WHAT IS EXPECTED: Could you write out, exactly as they stand, only the lines in the listing below from the line with "雷霆大勝掘金創(chuàng)季后賽第二大凈勝分紀(jì)錄" to the line with "Home Essentials Grey", both ends included, without the pictures?

ENTRIES SHOWN:

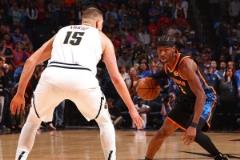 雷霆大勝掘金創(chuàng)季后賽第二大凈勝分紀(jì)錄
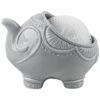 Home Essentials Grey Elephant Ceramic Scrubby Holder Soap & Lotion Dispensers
---
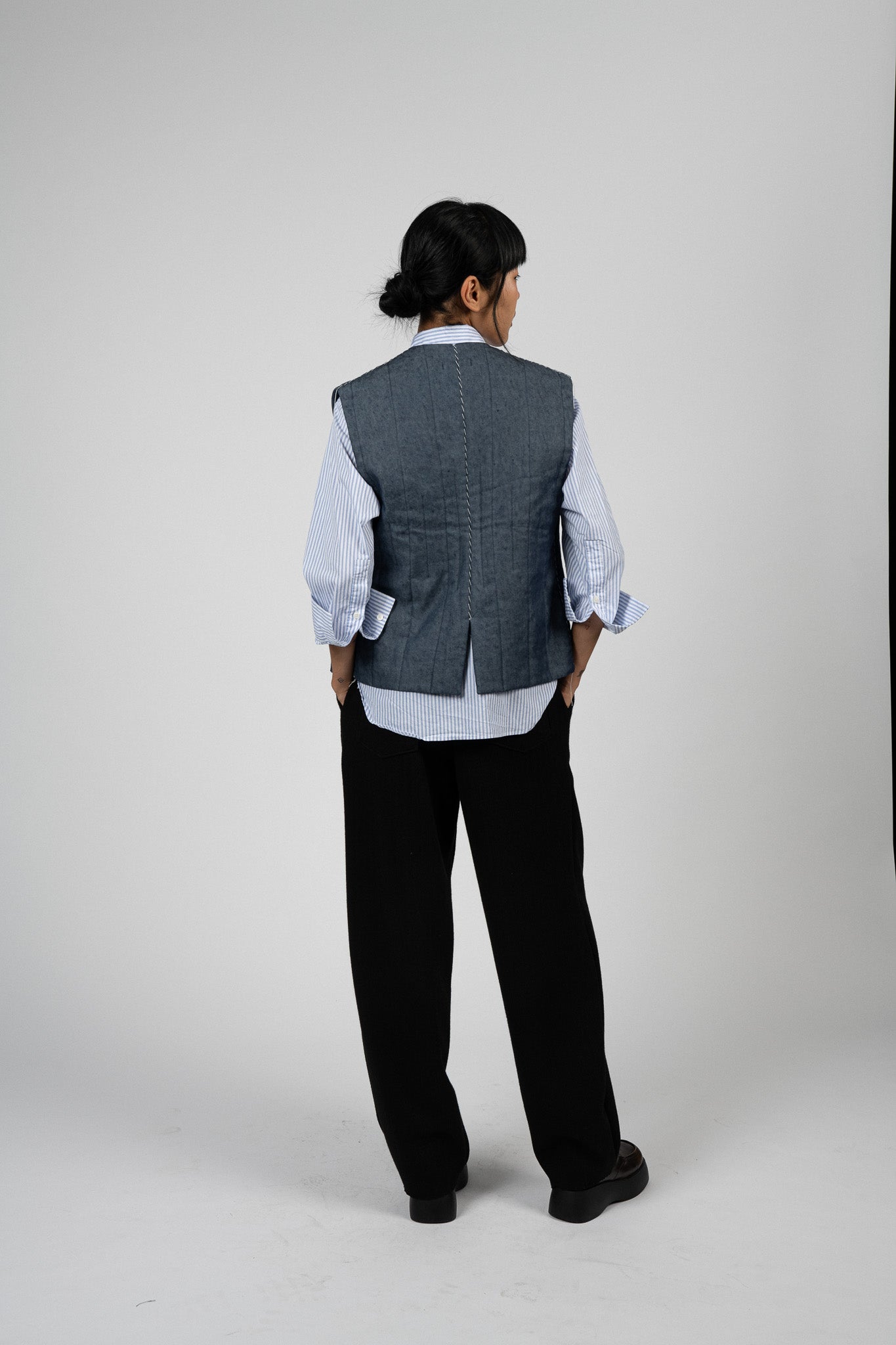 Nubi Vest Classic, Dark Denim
...
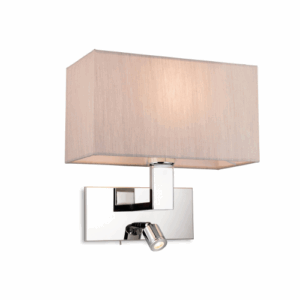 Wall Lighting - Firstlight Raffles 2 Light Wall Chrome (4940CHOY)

EXERCISE OUTPUT:
 雷霆大勝掘金創(chuàng)季后賽第二大凈勝分紀(jì)錄
 Home Essentials Grey Elephant Ceramic Scrubby Holder Soap & Lotion Dispensers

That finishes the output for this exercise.